MW – Acredito que o aperfeiçoamento profissional deve ser responsabilidade da própria pessoa, não da empresa. O profissional é o dono de sua carreira e cabe a ele buscar preencher seus gaps e aprimorar sua formação. Certamente a empresa pode e deve fornecer treinamentos específicos relacionados a determinada tecnologia ou equipamento associado aos seus negócios, mas a espinha dorsal da formação cabe ao próprio profissional. Vale destacar aqui o trabalho sendo realizado pela SSPI, uma associação sem fins lucrativos cujo objetivo é auxiliar o profissional de satélite no desenvolvimento de sua carreira.  Os eventos da SSPI Brasil representam uma oportunidade ímpar de aperfeiçoamento ao profissional de satélite, inclusive àqueles que não são da área técnica. As empresas reconheceram a importância dessa missão e vêm apoiando a SSPI Brasil desde o início das suas atividades em 2006, sob a a forma de patrocínios, o que vem permitindo ao profissional de satélite brasileiro ter acesso a apresentações, debates e conteúdos de ponta a custos subsidiados, além de um formidável networking.

AN – E o que fazer para mantê-los?

MW – Retenção de talentos é desafio constante para os gestores, em qualquer setor de atuação. É necessário proporcionar desafios e objetivos cuja consecução irá implicar em senso de realização profissional. É preciso proporcionar chance de crescimento na carreira. Na área técnica, a oportunidade de se trabalhar com novas tecnologias e inovações também constitui relevante fator de retenção, e nesse ponto o setor satélite possui uma vantagem inerente.
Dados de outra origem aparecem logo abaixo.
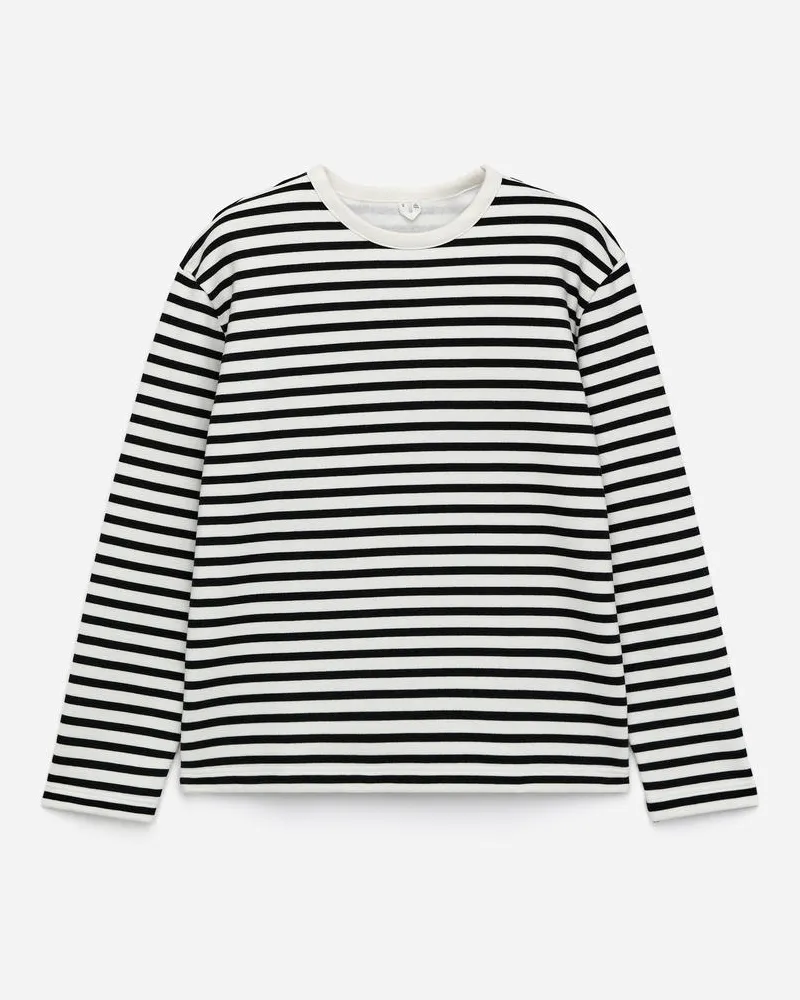 Arket Langarmpullover Aus Baumwollfleece -Weiß Weiß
AN De que forma as mudanças que estão ocorrendo nessa indústria (movimento New Space, 5G, etc) ajudam (ou atrapalham) na atratividade para novos profissionais?
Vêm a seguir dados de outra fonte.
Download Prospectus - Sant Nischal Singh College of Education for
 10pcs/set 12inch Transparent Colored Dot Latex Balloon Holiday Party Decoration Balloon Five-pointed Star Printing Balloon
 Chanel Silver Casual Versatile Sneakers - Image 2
MW – O movimento New Space ajuda, e muito. O setor satelital está sofrendo uma verdadeira revolução tecnológica, talvez a maior já ocorrida em sua existência. Players como Elon Musk (Space X) e Jeff Bezos (Amazon) foram atraídos por oportunidades no setor espacial e com isso estão trazendo um maior dinamismo ao setor. Os longos ciclos associados ao planejamento, lançamento e comercialização de um satélite tradicional darão lugar a ciclos mais curtos e rápidos. Em nível global, com o  advento dos novos projetos como constelações de órbita baixa, novos lançadores, antenas eletrônicas, etc, novas empresas já estão surgindo, e, a reboque, mais oportunidades profissionais para aqueles que estiverem preparados.

ANQuais serão as tendências para os próximos anos em termos de evolução da indústria e em termos do consequente tipo de perfil que mais será demandado?
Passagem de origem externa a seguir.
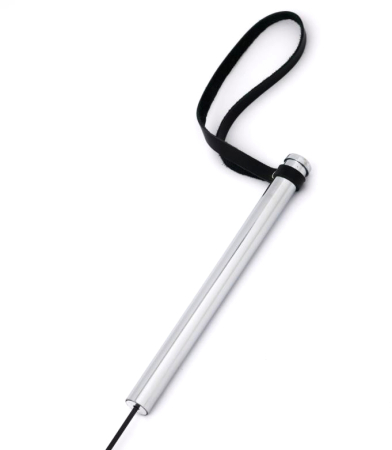 Стек с металлической ручкой из натуральной кожи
MW – Por uma série de motivos, o advento das novas arquiteturas como satélites HTS e constelações LEO, vem reforçar uma tendência dos clientes buscarem soluções completas em vez de somente alugar a capacidade do satélite. Esse cenário valorizará o profissional que dominar o entendimento de uma solução fim a fim, incluindo o domínio das diversas tecnologias envolvidas, seja satélite, terrestre ou de redes híbridas IP.